Recently, I deleted my Facebook account, as did my husband and both of my parents. There were many reasons why, but other than the data tracking/privacy issues, my main reason for deleting my account was because I feel like my relationships with my friends have all but dried up since everyone signed up on social media.
When I first bought a computer and got online years ago, it was a thrill to be able to hop out of bed, grab a cup of coffee, and check my email. I loved seeing who had sent me a letter that day, and what they had to say. It was so nice to have instant access to my dearest friends and loved ones. No more waiting for the mailman! Woo hoo! I know that many of you can relate.
Once I discovered chat rooms, that was a whole new world; I could talk to other Christians from around the world – Australia, England, Africa … I made friends everywhere. It was amazing. I still have some of those friends today. I was hooked. I learned all I could about computers – from web and graphic design to the techy stuff of how to build and fix them.
Next came the whole blog phenomenon. Could things get any better?! An online “diary”, to keep in touch with your friends and family. To begin with, it was fantastic! I had a whole little community of folks that visited me regularly. We chatted, we shared recipes and book recommendations, jokes and games, and everything in between. So much fun!
Then came Facebook. Twitter. Instagram. Pinterest.
Now, nobody communicates outside of them. Shoot, they hardly communicate *inside* of them.
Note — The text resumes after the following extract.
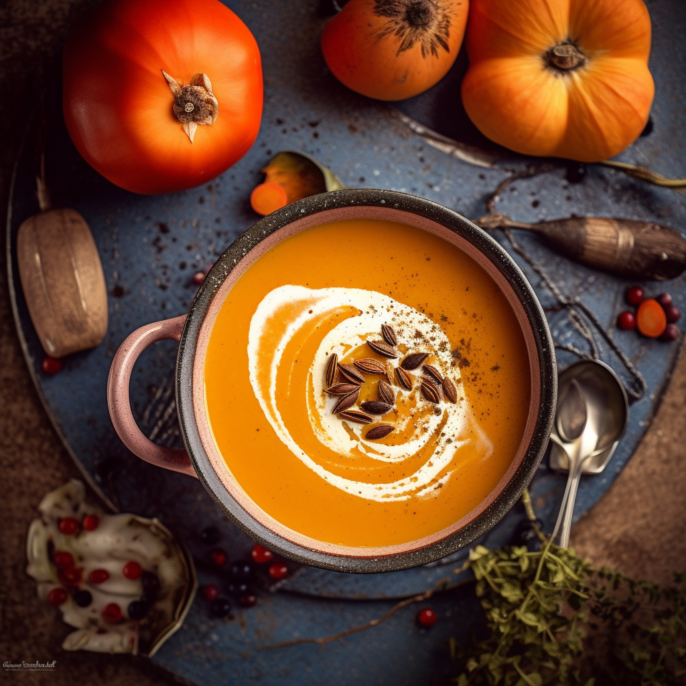 Velouté de potirons à la gelée de pomme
It’s all pins, pics, memes, likes, and thumbs up. No real conversations. No real connections. It makes me incredibly sad.
With “communication” at an all-time high and infiltrating everything we do, people are losing themselves inside a vanity-driven media circus.
I know I was.
When I realized this, I stepped back and took stock of my relationships. Then, I deleted my Facebook account. I gave plenty of notice, and those who wanted to keep in touch let me know. Those who didn’t? Well, I guess that just proves my point, doesn’t it?
For me, it’s time to start cultivating true relationships, and living life in the real world. I will probably blog more now, because I won’t be sharing everything on social media. I know I will have more time; I have already found myself getting little projects done that I have put off for too long. I listen to more music now. I read more. I spend more time with my family. Life is so much better when it is lived outside of social media!
Written in 1964 by Paul Simon (of Simon & Garfunkel), I think “Sound of Silence” (video below) is more relevant today than ever. Garfunkel gave his thoughts as to the meaning of the song as, “the inability of people to communicate with each other, not particularly internationally but especially emotionally, so what you see around you are people unable to love each other.”
Sounds a lot like today, doesn’t it?
In a world where there is so much noise, motion, and constant activity … does anyone really take the time to see one another – much less truly listen to another? Between the flashing lights on every street, the multitudes of people going here and there, honking of horns, beeping of electronics, and cars that talk to you – how many people do you actually see each day? When was the last time you really heard another human being?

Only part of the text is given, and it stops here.